A request for information, published late last week, reveals the ATO is under “increased levels of scrutiny” from Australian Commission for Law Enforcement Integrity (ACLEI) and now the newly formed National Anti-Corruption Commission (NACC), which will absorb ACLEI.
Prior to January 2021, the ATO “managed most matters in-house” [pdf], whereas now these matters will be referred to the NACC for investigation.
The ATO said it still needs to supply evidence as part of investigations but said this is harder in an area of online platform use, remote work and greater IT system complexity.
“Since the introduction of these new commissions, there has been an increased level of scrutiny of the ATO,” it said.
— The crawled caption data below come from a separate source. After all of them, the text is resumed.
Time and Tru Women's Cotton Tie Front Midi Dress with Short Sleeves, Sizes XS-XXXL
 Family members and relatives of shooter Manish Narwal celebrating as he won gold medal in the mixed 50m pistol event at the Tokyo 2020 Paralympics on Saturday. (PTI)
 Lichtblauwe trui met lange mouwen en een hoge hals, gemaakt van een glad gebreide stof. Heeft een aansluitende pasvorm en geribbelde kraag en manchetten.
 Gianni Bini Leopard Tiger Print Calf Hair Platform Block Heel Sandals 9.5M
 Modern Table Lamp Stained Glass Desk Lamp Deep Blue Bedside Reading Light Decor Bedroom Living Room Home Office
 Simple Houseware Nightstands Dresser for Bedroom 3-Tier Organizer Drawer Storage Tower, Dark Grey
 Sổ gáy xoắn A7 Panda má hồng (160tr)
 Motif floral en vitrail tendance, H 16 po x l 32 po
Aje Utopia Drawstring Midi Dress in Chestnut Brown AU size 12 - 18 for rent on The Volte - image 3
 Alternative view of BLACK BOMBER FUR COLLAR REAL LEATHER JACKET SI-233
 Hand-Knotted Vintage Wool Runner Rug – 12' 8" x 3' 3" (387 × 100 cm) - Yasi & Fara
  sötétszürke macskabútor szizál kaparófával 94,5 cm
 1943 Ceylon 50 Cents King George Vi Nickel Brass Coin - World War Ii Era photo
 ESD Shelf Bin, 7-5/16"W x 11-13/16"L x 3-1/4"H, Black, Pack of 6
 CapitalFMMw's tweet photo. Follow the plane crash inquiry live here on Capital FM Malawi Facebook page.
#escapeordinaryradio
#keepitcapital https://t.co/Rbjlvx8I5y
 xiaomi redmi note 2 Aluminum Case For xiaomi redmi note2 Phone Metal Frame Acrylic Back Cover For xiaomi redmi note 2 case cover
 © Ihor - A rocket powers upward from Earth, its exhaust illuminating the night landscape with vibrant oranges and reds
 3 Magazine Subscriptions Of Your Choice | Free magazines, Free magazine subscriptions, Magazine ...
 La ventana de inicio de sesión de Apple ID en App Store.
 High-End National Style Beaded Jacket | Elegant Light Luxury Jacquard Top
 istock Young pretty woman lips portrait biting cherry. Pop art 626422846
“This has resulted in increased requirements to produce evidence, an increase in the number and complexity of internal fraud/corruption investigations, and greater reliance on the use of tools and systems to gather information for these investigations.
“These pressures will continue, with the ATO now expected to meet any requests for information in shorter timeframes.
“To keep pace with change and to adequately address the risk of internal fraud and corruption in the ATO, we are seeking input from industry to identify opportunities for the ATO to improve insider threat detection for fraudulent or corrupt behaviours.”
In particular, the ATO has flagged behavioural analytics as a technology it wants to use.
It sees behavioural analytics as a way to set guardrails “to assist staff to conduct their daily duties and to provide further mitigations and intervention opportunities” should adverse or unusual patterns be detected.
The ATO said it currently uses “a range of tools and systems to assist in the detection and investigation of internal fraud or corruption incidents” and that it would like to consolidate the stack.
It particularly wants to be able to stop data or information exfiltration by staff, but also to protect staff from fraud or corruption allegations by “providing better assurance around the activities ATO staff undertake to rule out any false allegations quicker.”
It is hoping to capture behavioural data on such things as staff “email usage, instant messaging, websites viewed, application usage, document manipulation, file transfers, printer usage, [and] network traffic”.
The reach of the tools would ideally cover both corporate-owned and BYOD devices used to access ATO resources.
Last year, a joint ACLEI-ATO investigation led to a former ATO staffer facing corruption charges.